Oh come on. Is the fact that your processor emits slightly more heat from computing your pure functions, and once in a while a cosmic ray may shift a bit or two, really such a big hindrance? You sound like a die-hard purist, ironically. We might as well ditch the whole idea of applied mathematics since there is always going to be a mismatch between the real world and mathematics. Triangulate? You can't do that, because the degrees you measure isn't going to be measured to the 'infinitely' precise decimal point. The whole theory behind geometry is based on practically unatainable ideals; surely Plato would be turning in his grave if he knew that cartographers had been using geometry to make those (fairly inaccurate) maps. shudder
I think that is an uncharitable interpretation of gruseom's comment. I assumed he was referring to the fact that some programming tasks are inherently stateful, such as writing OS kernels and device drivers.
However, I think that we should be able to, in principle, provide abstractions on top of inherently stateful things that hides their nature. In the same vein, we should be able to architect programs so that we can separate the inherently stateful stuff from the functionally pure stuff. For some applications, this will help. For others, not so much.
> I think that is an uncharitable interpretation of gruseom's comment. I assumed he was referring to the fact that some programming tasks are inherently stateful, such as writing OS kernels and device drivers.
No. The underlying computation is physical is just as true for any computer program, OS kernel or not. What was referred to was clearly the fact that it's silicon at the bottom level of any computation, just as his parent was talking about ("leaky abstraction" and all that).
Let's look at your example of baking.
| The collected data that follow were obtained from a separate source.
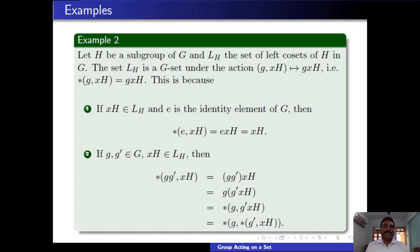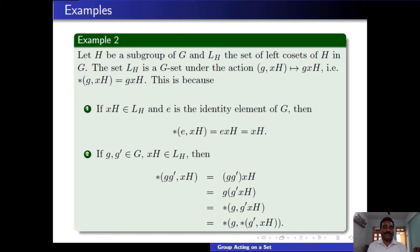Let us see another example. Let H be a subgroup of G. Let LH denote the set of all left cosets of H in G; that is our set X. We define star: G × X → X by star(g, xH) = gxH. We check whether this is a group action on X = LH. For the first property, we take the identity e and an element xH in X. Then star(e, xH) = exH = xH, since e is the identity element. So the first property is satisfied.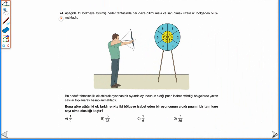74. sorumuza devam edelim. Aşağıda 12 bölüme yerleştirilmiş hedef tahtasında her daire dilimi mavi ve sarı olmak üzere 2 bölgeden oluşmaktadır. 2 ok atılarak oyundan aldığı puan, isabet ettirdiği bölgelerdeki sayıların toplamıyla hesaplanmaktadır. Attığı 2 ok farklı renkte 2 bölgeyi vuran bir oyuncunun aldığı puanın tam kare sayı olma olasılığı kaçtır? Öncelikle tüm olası durum sayısını bulalım.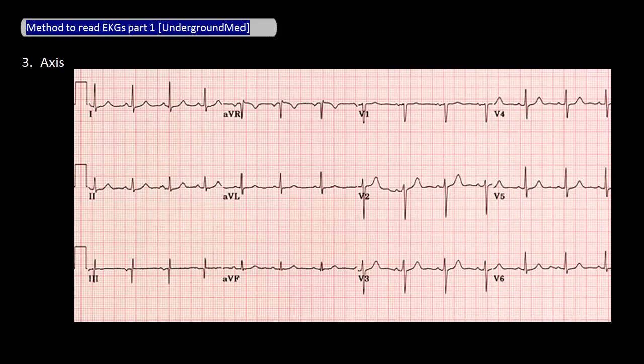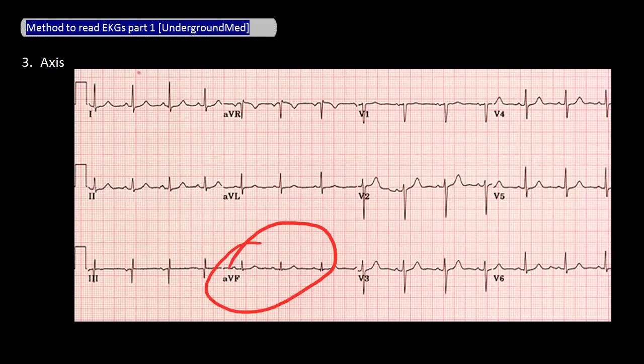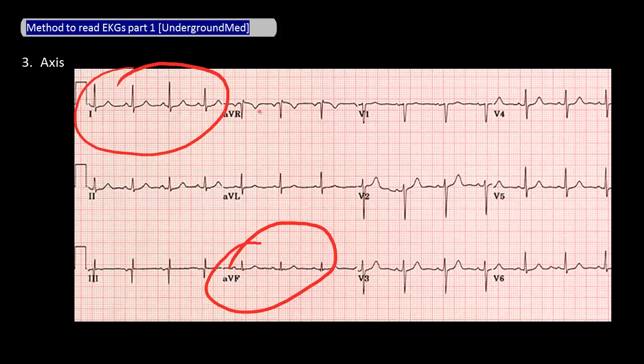After determining the rate and rhythm on an EKG, you want to determine the axis. In order to do this, you look at two leads: AVF and 1. When looking at these leads, ask yourself for each lead if the QRS complex is mainly positive or mainly negative — in other words, is the R wave more positive than the S wave is negative?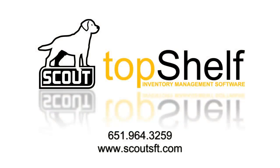For more information about the Shopify to Top Shelf integration or for a live demo, please visit our website at www.scoutsft.com or give us a call.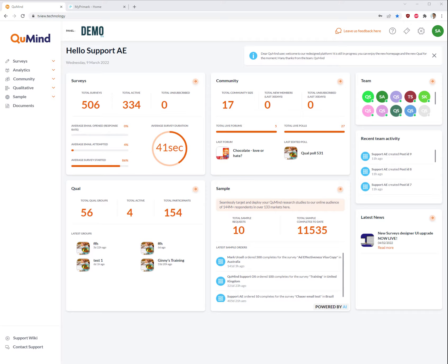Welcome to the KeyMind Academy video tutorial for editing content on your panel or community website.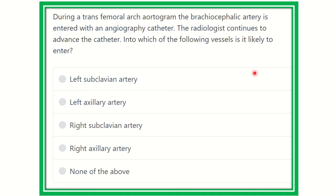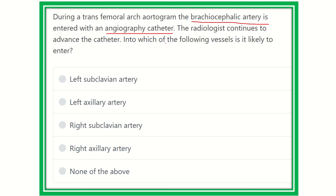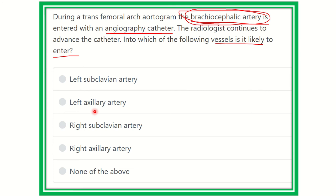Hello everyone, welcome to another video for the MRCS exam. During a transfemoral arch aortogram, the brachiocephalic artery is entered with the angiography catheter. The radiologist continues to advance the catheter — into which of the following vessels is it likely to enter? The options are: left subclavian artery, left axillary artery, right subclavian artery, right axillary artery, and none of the above.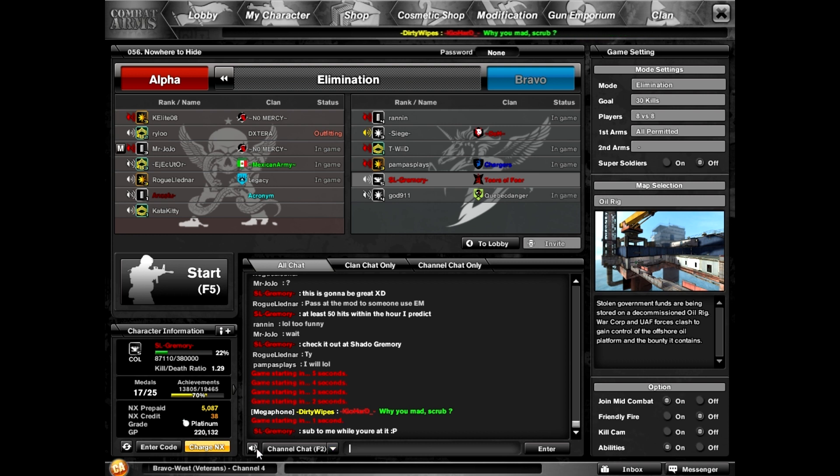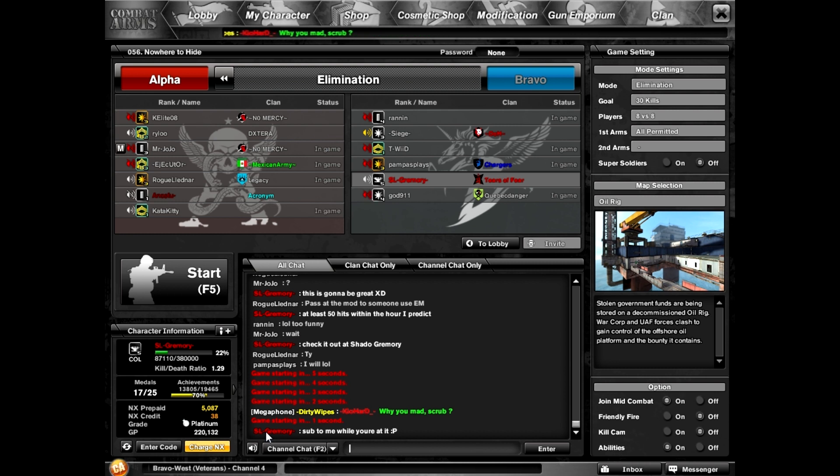Now, if that dumb motherfucker thinks he's gonna outtalk me, man, he is so full of shit. Oh, by the way, dude, make sure you spell my name right if you're gonna get on YouTube for me. Anyway, bud.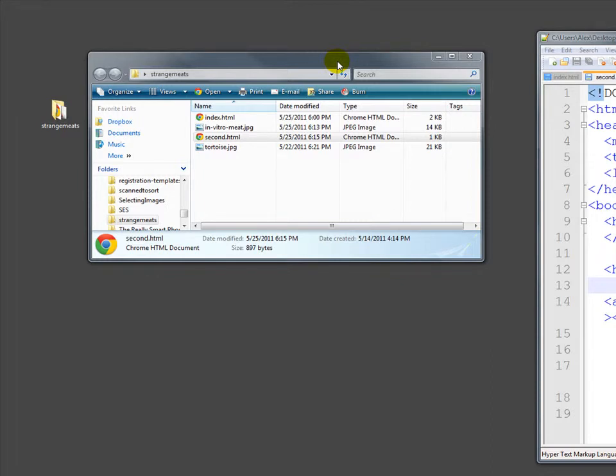All right, let's talk briefly about how you organize the files that make up a website. As we've noted, a website is basically a collection of different files. Every web page is made up of multiple files, and an entire website is made up of a very large number of files in many cases.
Indeed it seems like an imperative (physical) process. When we mix eggs and flour to form a batter we can't get the eggs and flour back! Indeed even cracking the eggs seems like destructive update to me. Think about why that is. We've performed a non-reversible transformation on our ingredients AND we can't go back in time! In this case time is implicit in our understanding.
Now consider trying to model baking mathematically. We want to build an equation that will tell us the state of our cake. This will be function - that is dependent on time - time is now explicit in our model. Now we can say at t0 our eggs are whole. At some time in the future t1 our eggs are cracked. This doesn't negate the fact at t0 the eggs are whole. We can't go back in time and update what the state of the eggs then - that makes no sense! So here we see that when time is an explicit parameter we have time symmetry. The equations don't care if time goes backwards or forwards.
And we can always do this. If you have some process that has a state that changes through time you can model that process with a static model that includes time as an explicit parameter. This means that our model is a higher dimensional look at the real thing. And our actual computation (or experiment or baking etc.) is a degenerate case of the more general model where the time parameter is actual time.
How does this relate to functional programming versus imperative programming. Well it is the difference between theory and experiment. But in this case we also have to deal with the fact that our program is computed (a physical process happening in time) and so we're using a physical computation which follows the rules of mathematics to model mathematical rules using a degenerate case of those rules. So if it seems like there's an abstraction leaking it's because it kinda is.
I like to think about it in this way because it highlights the very tight knit nature of physics and computation. Indeed a general theory of what it means to compute something could lead to a unified theory of physics and vice-versa.